What you have to do →
In the copy, include no images, and repeat each entry precisely as written.

Collected data entries
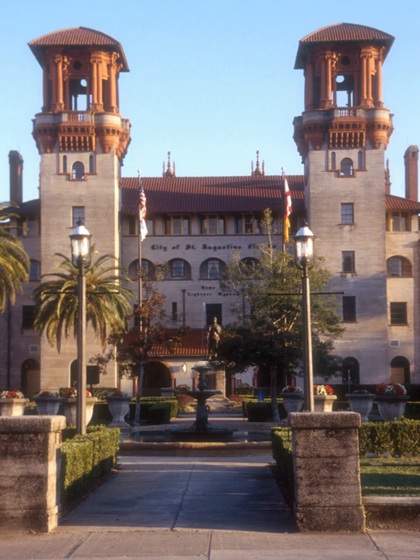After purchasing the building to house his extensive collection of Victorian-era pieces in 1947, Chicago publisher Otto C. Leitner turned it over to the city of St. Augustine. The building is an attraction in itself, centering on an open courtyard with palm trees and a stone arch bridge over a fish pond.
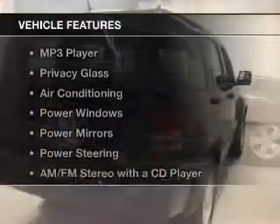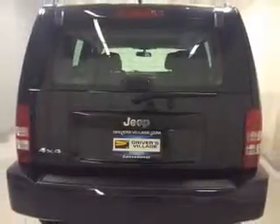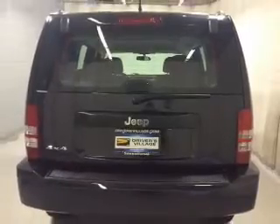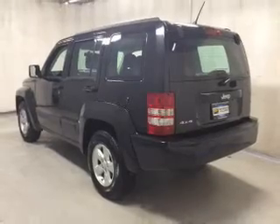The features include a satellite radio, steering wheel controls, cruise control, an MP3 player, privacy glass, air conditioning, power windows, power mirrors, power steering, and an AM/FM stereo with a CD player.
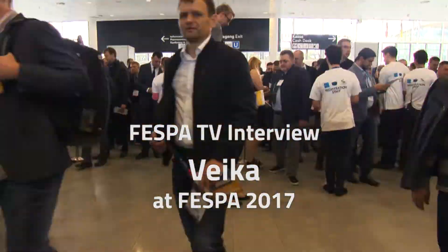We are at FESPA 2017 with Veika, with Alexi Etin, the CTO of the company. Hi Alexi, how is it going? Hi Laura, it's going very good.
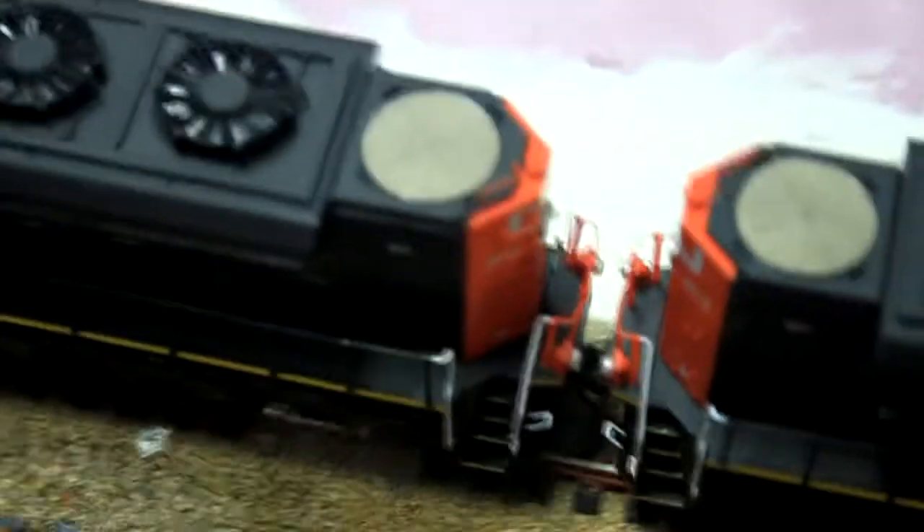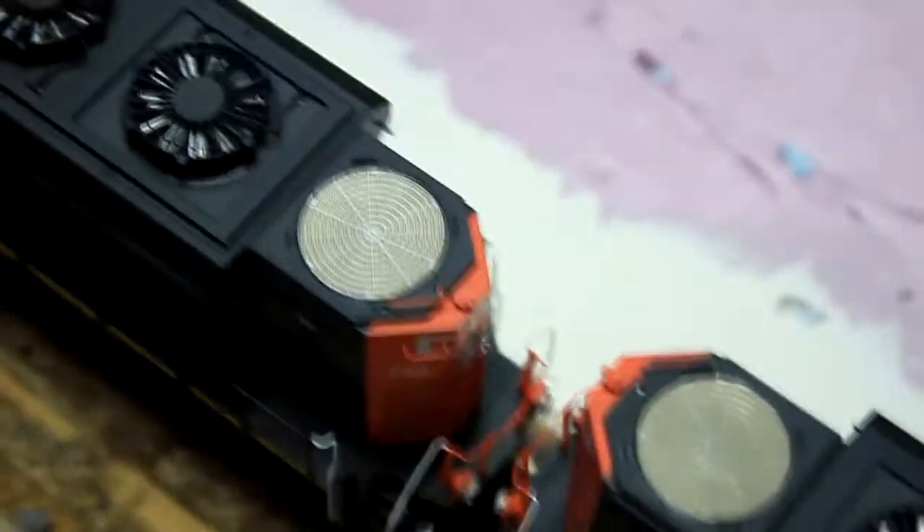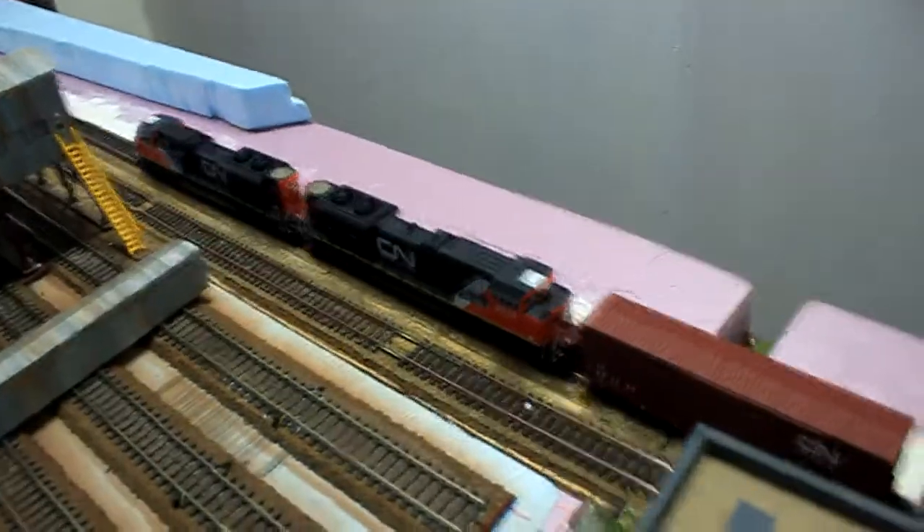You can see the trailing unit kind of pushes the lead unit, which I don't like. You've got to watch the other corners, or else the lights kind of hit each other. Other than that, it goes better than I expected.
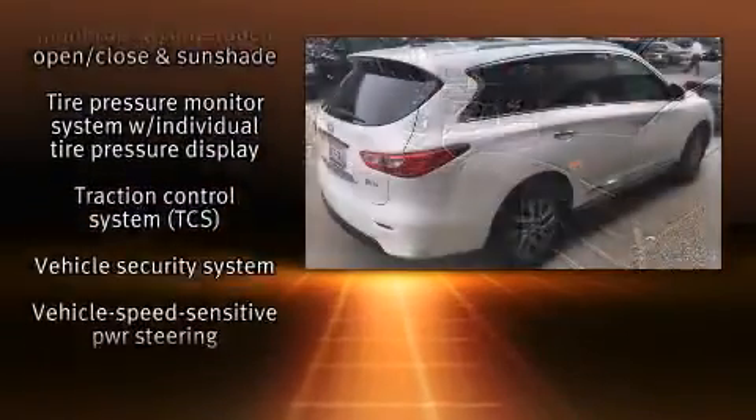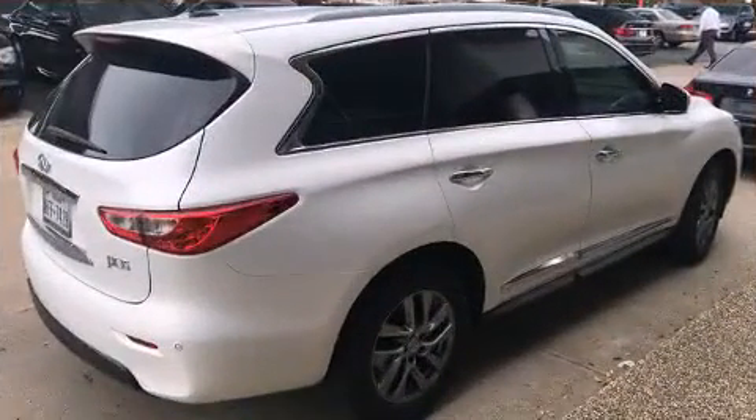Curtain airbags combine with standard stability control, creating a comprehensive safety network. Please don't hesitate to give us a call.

Task response →
After purchasing the building to house his extensive collection of Victorian-era pieces in 1947, Chicago publisher Otto C. Leitner turned it over to the city of St. Augustine. The building is an attraction in itself, centering on an open courtyard with palm trees and a stone arch bridge over a fish pond.
The features include a satellite radio, steering wheel controls, cruise control, an MP3 player, privacy glass, air conditioning, power windows, power mirrors, power steering, and an AM/FM stereo with a CD player.
We are at FESPA 2017 with Veika, with Alexi Etin, the CTO of the company. Hi Alexi, how is it going? Hi Laura, it's going very good.
You can see the trailing unit kind of pushes the lead unit, which I don't like. You've got to watch the other corners, or else the lights kind of hit each other. Other than that, it goes better than I expected.
Curtain airbags combine with standard stability control, creating a comprehensive safety network. Please don't hesitate to give us a call.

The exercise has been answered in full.